TASK OBJECTIVE: Output the lines of the records from the one containing "this 600×400 image." through the last, both ends included. Leave pictures out.

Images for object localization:

---

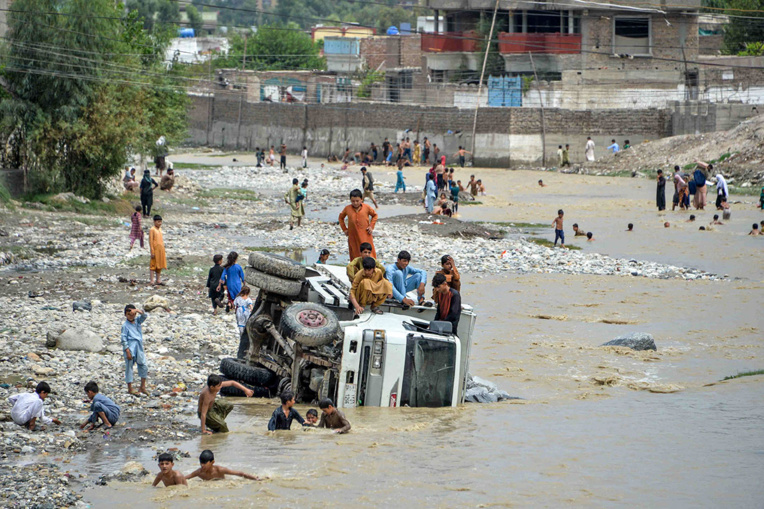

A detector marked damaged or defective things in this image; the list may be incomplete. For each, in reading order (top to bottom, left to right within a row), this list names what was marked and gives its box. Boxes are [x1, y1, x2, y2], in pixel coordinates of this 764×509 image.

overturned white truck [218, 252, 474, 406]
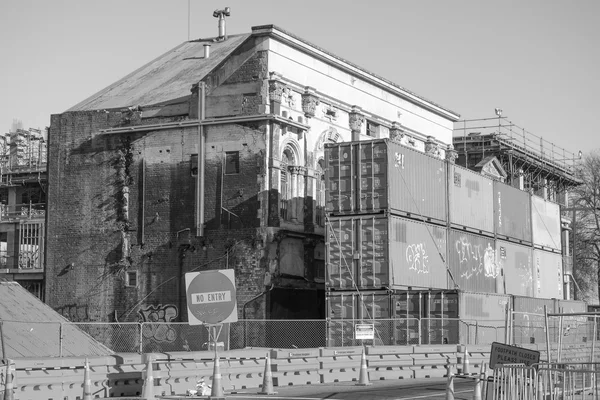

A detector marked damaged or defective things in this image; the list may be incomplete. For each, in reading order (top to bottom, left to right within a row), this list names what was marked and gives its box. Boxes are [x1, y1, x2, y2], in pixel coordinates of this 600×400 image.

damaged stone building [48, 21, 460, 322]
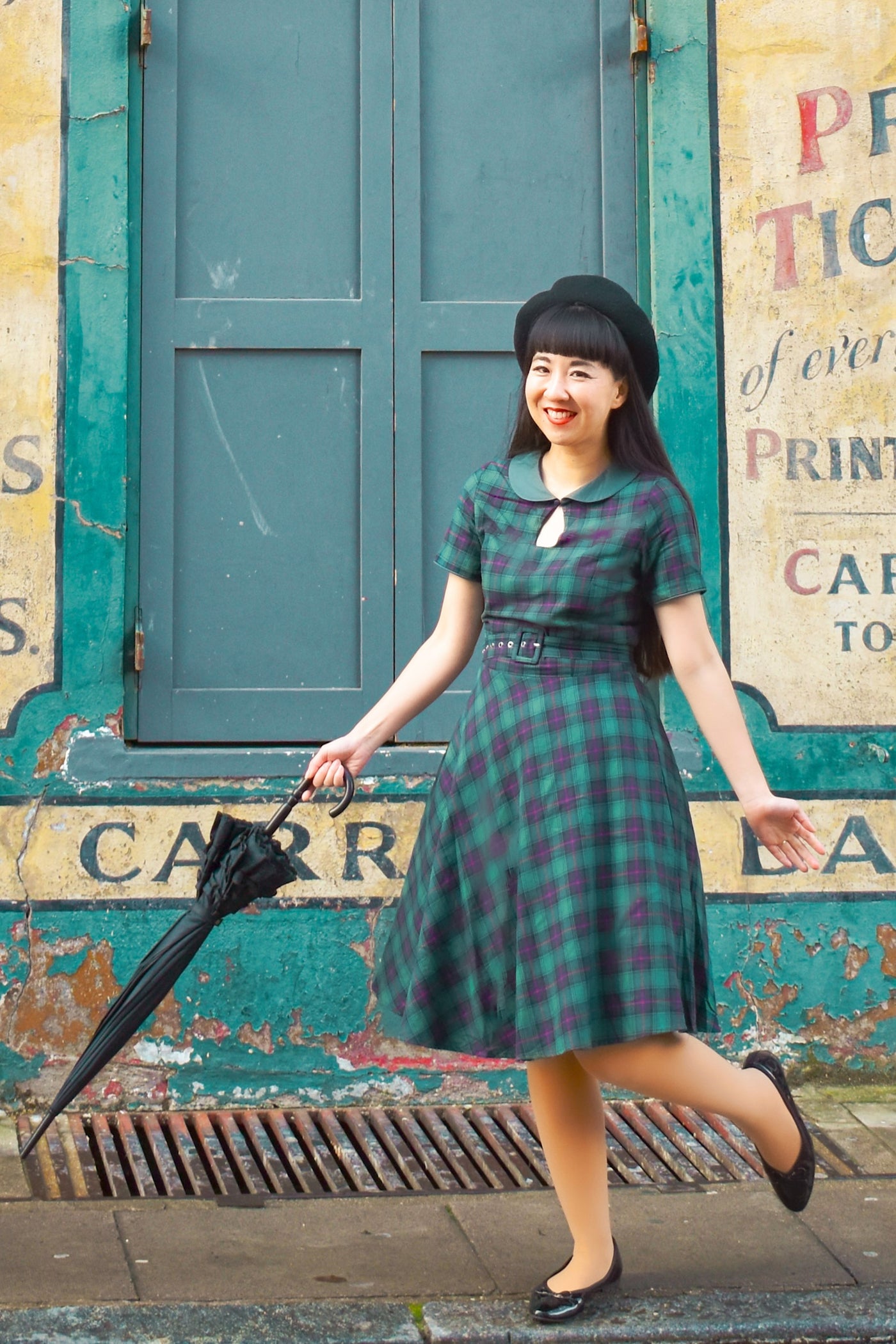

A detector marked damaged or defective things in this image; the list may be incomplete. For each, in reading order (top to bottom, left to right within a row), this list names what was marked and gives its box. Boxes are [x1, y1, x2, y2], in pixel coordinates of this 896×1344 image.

---

SOLVED EXERCISE:
A detector marked damaged or defective things in this image; the list may be incomplete. For each, in reading order (top to bottom, left to right within a row), this list names what was marked and gives its box. Boxes are [x1, y1, x2, y2], in pixel coordinates of this 600×400 image.

damaged stone building [48, 21, 460, 322]

A detector marked damaged or defective things in this image; the list may be incomplete. For each, in reading order (top to bottom, left to right within a row), this list names what was marked and gives its box. Boxes are [x1, y1, x2, y2], in pixel coordinates of this 896×1344 image.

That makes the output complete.